Most of you have heard of Mike Perham and his Ruby background job processing called Sidekiq. Sidekiq is almost seven years old now and it has some architecture flaws from the past. I’ve felt those flaws a lot when using Sidekiq in my Ruby projects in the past.
But better than me, Kir Shatrov, a leading engineer in Shopify, has described many problems the biggest E-commerce software faces when using Sidekiq and its siblings in his outstanding article – The State of Background Jobs in 2019. It inspired me very much on solving the described issues, creating my own solution.
In the same time, Mike is accumulating his experience too and creating a whole new background job processing software from the scratch and calls it Faktory. Faktory is polyglot (workers can be in any language) and written in Go.
However, Faktory still suffers from the same restrictions Sidekiq has – it uses Redis as its job storage and relies on queues. Furthermore, IIRC, Faktory aims to preserve Sidekiq API in its official Ruby worker implementation, which involves certain boundaries as well.

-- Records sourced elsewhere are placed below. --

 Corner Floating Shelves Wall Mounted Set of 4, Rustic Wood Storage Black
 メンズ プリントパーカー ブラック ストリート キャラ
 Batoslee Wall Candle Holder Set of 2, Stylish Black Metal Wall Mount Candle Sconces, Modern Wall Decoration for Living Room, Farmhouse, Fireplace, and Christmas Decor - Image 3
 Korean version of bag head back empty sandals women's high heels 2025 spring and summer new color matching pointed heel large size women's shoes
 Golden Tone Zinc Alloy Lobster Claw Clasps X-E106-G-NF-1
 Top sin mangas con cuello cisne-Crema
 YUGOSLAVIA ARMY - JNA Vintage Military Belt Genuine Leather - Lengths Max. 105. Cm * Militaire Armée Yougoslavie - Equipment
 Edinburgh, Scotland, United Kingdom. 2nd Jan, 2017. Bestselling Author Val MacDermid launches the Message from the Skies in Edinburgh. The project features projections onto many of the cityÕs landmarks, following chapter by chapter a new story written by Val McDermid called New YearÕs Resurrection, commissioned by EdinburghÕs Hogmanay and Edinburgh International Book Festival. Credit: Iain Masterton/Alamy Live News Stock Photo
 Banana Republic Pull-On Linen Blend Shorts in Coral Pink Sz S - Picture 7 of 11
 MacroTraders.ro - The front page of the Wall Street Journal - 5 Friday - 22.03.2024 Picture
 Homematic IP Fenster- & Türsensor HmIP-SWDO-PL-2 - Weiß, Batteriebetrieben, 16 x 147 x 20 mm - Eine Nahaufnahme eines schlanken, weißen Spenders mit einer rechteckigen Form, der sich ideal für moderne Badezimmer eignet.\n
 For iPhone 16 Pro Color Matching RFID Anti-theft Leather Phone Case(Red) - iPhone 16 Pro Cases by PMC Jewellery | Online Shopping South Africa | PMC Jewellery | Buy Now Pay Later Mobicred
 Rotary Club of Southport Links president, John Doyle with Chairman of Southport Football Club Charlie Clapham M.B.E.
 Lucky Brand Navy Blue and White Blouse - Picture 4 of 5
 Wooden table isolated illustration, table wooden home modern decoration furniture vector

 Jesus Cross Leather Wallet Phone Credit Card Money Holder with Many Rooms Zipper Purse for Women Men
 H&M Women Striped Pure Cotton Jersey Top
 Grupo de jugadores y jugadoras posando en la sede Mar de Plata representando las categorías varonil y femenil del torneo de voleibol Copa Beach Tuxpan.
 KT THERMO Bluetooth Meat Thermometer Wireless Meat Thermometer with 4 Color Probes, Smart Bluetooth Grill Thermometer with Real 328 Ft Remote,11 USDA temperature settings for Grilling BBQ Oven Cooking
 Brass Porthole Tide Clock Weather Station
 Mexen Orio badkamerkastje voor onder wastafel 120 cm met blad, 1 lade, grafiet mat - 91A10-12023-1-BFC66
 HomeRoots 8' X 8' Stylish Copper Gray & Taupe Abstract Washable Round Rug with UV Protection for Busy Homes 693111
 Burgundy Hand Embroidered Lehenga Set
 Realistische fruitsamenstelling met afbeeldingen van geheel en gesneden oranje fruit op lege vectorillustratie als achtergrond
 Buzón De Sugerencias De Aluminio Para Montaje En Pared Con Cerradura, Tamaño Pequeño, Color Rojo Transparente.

Both Faktory and Sidekiq are great for fast development cycle, they solve common issues. But as I and Shopify note, they have problems with scalability. Sidekiq does not support clustered Redis. Faktory hides Redis under the hood, making clustering an issue as well. Both systems rely on named queues, and they don’t know anything about multi-tenancy. There is also a known issue of ensuring that a job could be run exactly once, which leads to the requirement of locks.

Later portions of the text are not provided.